= Josephine E. Sizer =

Sizer in a 1937 publication.

Josephine E. Sizer ( Kirby; 1862-1937) was an American temperance reformer. She served as President of the Minnesota Woman's Christian Temperance Union (WCTU).

==Early life and education==
Josephine Ellen Kirby was born at Milton Falls, Vermont, on June 2, 1862.

She was educated in the public schools of Burlington, Vermont.

==Career==
Sizer became interested in the work of the WCTU in the earlier days of its history. In 1887, in New England, she organized a WCTU Union and assisted in the establishment of a school and church. In July of that year, she went to North Dakota, where she became active in local WCTU work. Removing to Wisconsin in 1904, she was elected president of the Racine and Kenosha Unions in 1908 and 1910. From 1909 to 1916, she served as secretary of the Young People's Branch of the Wisconsin WCTU.

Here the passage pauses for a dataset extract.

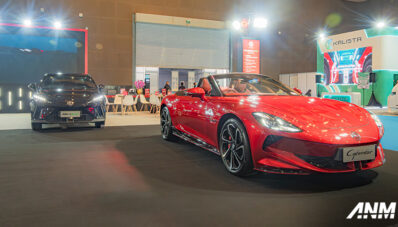 PEVS 2025 : MG Hadirkan Produk Unggulan dan Promo Menarik! PEVS 2025 : MG Hadirkan Produk Unggulan dan Promo Menarik!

In 1916, she removed to Minnesota and immediately became identified with the state WCTU. In 1920, she was elected vice-president. She served as state president from 1921 to 1931. She was afield during much of 1922, speaking at most of the thirty WCTU conventions in May, June, and July.

From 1931 until her death, she worked for the National WCTU as an organizer and lecturer.

==Personal life==
Her first husband, Charles A. Sweet, died in 1890. On February 9, 1892, she married the Rev. Jason Lee Sizer, of Port Washington, Wisconsin. She had a son, L.V., and a daughter, Ethel.

Josephine Sizer died in Seattle in January 1937.